Type out the complete listing below word for word, without its pictures.

### COLLECTED MATERIAL:
══════════
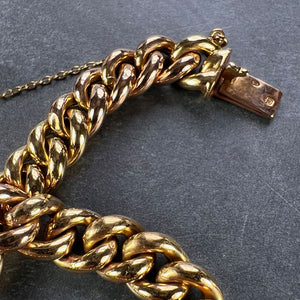 18 Karat Yellow and Rose Gold Curb Link Bracelet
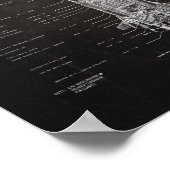 NASA Apollo Saturn V Rocket Blueprint (black) ポスター (角)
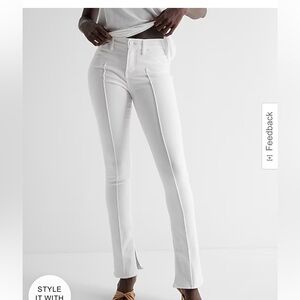 Mid Rise White Pintuck Skyscraper Jeans Size 14 Short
══════════
### RESULT OF THE TASK:
 18 Karat Yellow and Rose Gold Curb Link Bracelet
 NASA Apollo Saturn V Rocket Blueprint (black) ポスター (角)
 Mid Rise White Pintuck Skyscraper Jeans Size 14 Short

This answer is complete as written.